Another comment re: data table formatting, that may or may not end up being relevant depending on final file format. In some of the tables, I had two issues with the display/organization. (1) I think we should try to standardize on having model_id column first to show the "provenance" of the data, and then the task_id, then output_type, output_type_id, then value. (2) In some of the data shown, I couldn't see value or model_id. I think we could fix this in HTML by using something like Kable or the
df_print: paged
option in the yaml header at the top.a "linear pool" is also sometimes called "stacking" or "weighted density ensemble", right? Maybe worth saying this explicitly, with some references? (e.g. Wolpert 1992, "stacked generalization"; the Ray and Reich 2018 paper already cited)

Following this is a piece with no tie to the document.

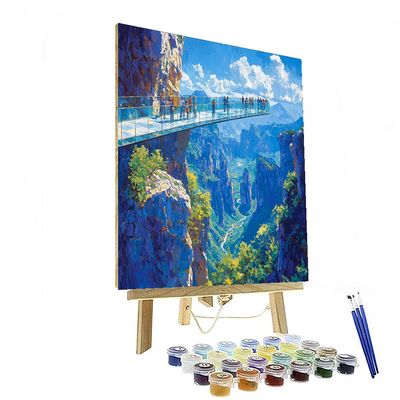 Zhangjiajie Glass Bridge Numbered Painting Kits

when introducing/reading in the flu_forecasts_raw.rds dataset, I suggest summarizing some features of the dataset. E.g. how many dates, models, targets, locations, horizons, are represented? Just showing the top six rows of the dataset is not enough context. Were there inclusion/exclusion criteria for models? Were the same number of models included across all weeks? Noting that if any inclusion criteria was put in place, that could influence the results of the mean ensemble as models that are more unreliable in their forecasts (e.g. have outlying forecasts) are maybe also more likely to not be submitted every week. So if those unreliable models are filtered out it might make the mean ensemble look better than it might in real time without a post-hoc filtering of models in place.

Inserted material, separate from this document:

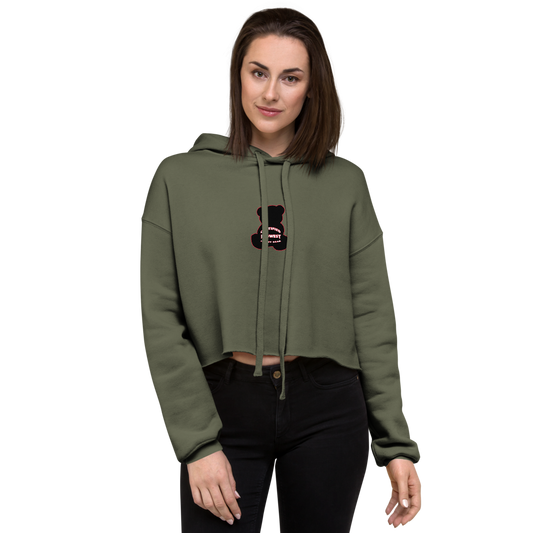 Certified  Midwest Honey Bear Crop Hoodie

point forecasts are referred to in section 5, but to go along with the hubverse nomenclature, we should refer to these as median forecasts.
We do such a good job showing all of the code, but then in the results section we omit the scoring code. Why?
need to define RWIS and RMAE in the paper.
Table 5.1 caption: suggest adding statement of how bolded numbers were chosen, as well as a statement about when lower is better, etc... Also, given that the differences are quite small and that the median-ensemble is not really a clear "best" model when looking at the figures below, maybe it's not worth boldfacing those numbers at all? As it really looks like we're "crowning a winner" (kind of unintentionally - the text is more ambivalent, but the boldface feels like a stamp of approval somehow) when the evidence for that feels fairly weak to me.
Figure 5.1: I'm torn about using fixed y scale here. It feels important to me to show how the large PIs really are quite different for some methods, but I also feel like it becomes hard to see the actual data and alignment of predictions with the data.
Figure 5.2: can the two legends be merged so we can see point/color on one legend?
Figures 5.2 & 5.3: I found the text to be too small to read and the different shapes not really distinguishable.